What is expected:
When the line containing "Bright kitchen with" appears in the data below, begin copying there and stop only after the line containing "Louis Vuitton Monogram Canvas Long".

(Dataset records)
--- START ---

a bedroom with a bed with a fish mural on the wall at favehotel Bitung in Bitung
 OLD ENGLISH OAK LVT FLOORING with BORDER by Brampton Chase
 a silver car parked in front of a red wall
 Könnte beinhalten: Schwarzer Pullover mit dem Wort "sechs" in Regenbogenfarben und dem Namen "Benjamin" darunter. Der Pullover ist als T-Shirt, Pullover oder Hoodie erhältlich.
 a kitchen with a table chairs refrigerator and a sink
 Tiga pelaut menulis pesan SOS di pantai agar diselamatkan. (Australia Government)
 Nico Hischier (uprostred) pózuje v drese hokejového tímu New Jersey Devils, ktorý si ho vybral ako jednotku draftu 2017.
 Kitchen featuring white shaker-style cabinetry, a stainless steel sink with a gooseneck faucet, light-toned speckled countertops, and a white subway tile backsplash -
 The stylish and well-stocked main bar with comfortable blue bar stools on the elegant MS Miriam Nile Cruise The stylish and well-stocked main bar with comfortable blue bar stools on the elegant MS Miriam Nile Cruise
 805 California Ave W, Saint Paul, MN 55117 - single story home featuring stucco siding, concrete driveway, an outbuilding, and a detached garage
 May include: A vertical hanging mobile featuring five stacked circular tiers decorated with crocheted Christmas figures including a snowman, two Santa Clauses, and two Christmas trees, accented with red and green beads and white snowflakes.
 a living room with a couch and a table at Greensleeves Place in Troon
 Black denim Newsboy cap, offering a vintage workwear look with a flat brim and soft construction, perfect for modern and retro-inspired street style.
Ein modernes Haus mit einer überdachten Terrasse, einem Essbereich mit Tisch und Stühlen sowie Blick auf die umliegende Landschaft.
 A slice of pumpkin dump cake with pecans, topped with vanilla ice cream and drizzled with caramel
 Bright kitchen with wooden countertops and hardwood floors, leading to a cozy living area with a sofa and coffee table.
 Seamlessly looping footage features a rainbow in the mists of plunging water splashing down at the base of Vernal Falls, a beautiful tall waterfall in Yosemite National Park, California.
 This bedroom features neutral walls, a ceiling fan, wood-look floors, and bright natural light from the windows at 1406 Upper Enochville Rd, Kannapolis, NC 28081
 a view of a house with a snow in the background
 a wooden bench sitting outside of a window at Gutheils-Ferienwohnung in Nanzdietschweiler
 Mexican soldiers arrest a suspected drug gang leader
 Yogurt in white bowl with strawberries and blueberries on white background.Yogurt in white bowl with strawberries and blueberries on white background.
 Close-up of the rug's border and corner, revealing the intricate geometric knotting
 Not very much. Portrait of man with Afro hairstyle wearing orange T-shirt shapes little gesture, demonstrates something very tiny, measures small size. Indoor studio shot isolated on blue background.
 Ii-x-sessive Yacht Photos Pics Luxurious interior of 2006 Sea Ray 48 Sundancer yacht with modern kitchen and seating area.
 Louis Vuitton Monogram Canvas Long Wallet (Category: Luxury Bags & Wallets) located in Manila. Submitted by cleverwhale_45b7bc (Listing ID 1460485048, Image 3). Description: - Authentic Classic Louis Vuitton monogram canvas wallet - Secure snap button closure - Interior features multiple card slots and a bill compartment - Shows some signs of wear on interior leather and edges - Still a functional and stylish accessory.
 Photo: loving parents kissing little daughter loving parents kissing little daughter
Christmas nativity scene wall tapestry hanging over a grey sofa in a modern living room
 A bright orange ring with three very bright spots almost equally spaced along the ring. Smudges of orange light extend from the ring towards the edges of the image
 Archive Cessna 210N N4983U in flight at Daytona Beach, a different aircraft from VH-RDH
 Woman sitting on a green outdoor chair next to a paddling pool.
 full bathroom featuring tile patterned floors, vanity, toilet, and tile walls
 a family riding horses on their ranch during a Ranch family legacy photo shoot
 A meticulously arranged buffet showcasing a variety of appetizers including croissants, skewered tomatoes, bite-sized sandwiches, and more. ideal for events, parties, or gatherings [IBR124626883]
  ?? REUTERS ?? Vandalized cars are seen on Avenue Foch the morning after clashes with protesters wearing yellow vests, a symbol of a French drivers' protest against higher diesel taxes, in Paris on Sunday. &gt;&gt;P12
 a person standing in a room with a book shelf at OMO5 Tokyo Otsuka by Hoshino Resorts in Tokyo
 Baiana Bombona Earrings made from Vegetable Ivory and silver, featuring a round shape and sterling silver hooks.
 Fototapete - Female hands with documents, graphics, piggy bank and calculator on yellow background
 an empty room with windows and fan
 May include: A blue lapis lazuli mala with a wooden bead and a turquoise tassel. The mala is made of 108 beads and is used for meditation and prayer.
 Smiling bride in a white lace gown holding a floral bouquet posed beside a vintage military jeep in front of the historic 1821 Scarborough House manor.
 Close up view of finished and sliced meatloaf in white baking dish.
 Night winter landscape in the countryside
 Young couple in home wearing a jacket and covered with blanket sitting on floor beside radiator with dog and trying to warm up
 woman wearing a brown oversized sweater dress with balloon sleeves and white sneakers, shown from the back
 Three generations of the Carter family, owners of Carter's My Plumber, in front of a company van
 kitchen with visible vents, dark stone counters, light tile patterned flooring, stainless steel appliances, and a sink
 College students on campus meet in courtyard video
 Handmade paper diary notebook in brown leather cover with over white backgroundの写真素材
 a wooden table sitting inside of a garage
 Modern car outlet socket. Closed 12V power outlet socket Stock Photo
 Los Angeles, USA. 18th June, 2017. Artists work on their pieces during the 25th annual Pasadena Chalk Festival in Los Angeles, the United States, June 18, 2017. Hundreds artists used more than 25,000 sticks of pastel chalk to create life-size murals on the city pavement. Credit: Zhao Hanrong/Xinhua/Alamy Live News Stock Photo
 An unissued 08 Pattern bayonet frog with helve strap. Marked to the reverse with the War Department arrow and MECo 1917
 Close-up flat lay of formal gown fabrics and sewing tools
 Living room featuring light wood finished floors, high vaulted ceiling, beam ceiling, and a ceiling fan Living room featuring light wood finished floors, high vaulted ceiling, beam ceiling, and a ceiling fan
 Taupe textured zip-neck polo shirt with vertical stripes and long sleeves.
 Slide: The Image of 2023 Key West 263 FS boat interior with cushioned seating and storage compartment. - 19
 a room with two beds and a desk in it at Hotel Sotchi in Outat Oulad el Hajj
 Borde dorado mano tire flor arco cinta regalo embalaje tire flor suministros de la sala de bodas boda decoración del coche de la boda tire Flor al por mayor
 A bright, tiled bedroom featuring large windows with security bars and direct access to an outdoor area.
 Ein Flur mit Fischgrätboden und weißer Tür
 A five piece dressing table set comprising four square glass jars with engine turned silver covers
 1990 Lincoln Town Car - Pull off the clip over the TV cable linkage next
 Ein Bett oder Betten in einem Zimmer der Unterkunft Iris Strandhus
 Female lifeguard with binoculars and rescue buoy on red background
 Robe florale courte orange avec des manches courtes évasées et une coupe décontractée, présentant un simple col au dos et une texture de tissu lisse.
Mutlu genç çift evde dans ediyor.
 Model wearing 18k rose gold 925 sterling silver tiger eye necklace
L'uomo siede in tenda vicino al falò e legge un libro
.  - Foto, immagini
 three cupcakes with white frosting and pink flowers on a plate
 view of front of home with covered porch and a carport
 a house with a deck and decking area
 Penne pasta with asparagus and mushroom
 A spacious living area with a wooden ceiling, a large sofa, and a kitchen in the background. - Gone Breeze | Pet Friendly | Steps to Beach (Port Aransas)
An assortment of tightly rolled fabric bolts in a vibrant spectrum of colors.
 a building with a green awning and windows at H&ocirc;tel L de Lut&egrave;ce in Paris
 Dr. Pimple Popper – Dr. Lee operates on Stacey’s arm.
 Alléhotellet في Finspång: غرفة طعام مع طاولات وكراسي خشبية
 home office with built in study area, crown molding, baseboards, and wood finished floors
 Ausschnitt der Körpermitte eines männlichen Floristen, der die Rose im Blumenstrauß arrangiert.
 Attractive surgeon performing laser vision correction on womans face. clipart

--- END ---

Result of the exercise:
 Bright kitchen with wooden countertops and hardwood floors, leading to a cozy living area with a sofa and coffee table.
 Seamlessly looping footage features a rainbow in the mists of plunging water splashing down at the base of Vernal Falls, a beautiful tall waterfall in Yosemite National Park, California.
 This bedroom features neutral walls, a ceiling fan, wood-look floors, and bright natural light from the windows at 1406 Upper Enochville Rd, Kannapolis, NC 28081
 a view of a house with a snow in the background
 a wooden bench sitting outside of a window at Gutheils-Ferienwohnung in Nanzdietschweiler
 Mexican soldiers arrest a suspected drug gang leader
 Yogurt in white bowl with strawberries and blueberries on white background.Yogurt in white bowl with strawberries and blueberries on white background.
 Close-up of the rug's border and corner, revealing the intricate geometric knotting
 Not very much. Portrait of man with Afro hairstyle wearing orange T-shirt shapes little gesture, demonstrates something very tiny, measures small size. Indoor studio shot isolated on blue background.
 Ii-x-sessive Yacht Photos Pics Luxurious interior of 2006 Sea Ray 48 Sundancer yacht with modern kitchen and seating area.
 Louis Vuitton Monogram Canvas Long Wallet (Category: Luxury Bags & Wallets) located in Manila. Submitted by cleverwhale_45b7bc (Listing ID 1460485048, Image 3). Description: - Authentic Classic Louis Vuitton monogram canvas wallet - Secure snap button closure - Interior features multiple card slots and a bill compartment - Shows some signs of wear on interior leather and edges - Still a functional and stylish accessory.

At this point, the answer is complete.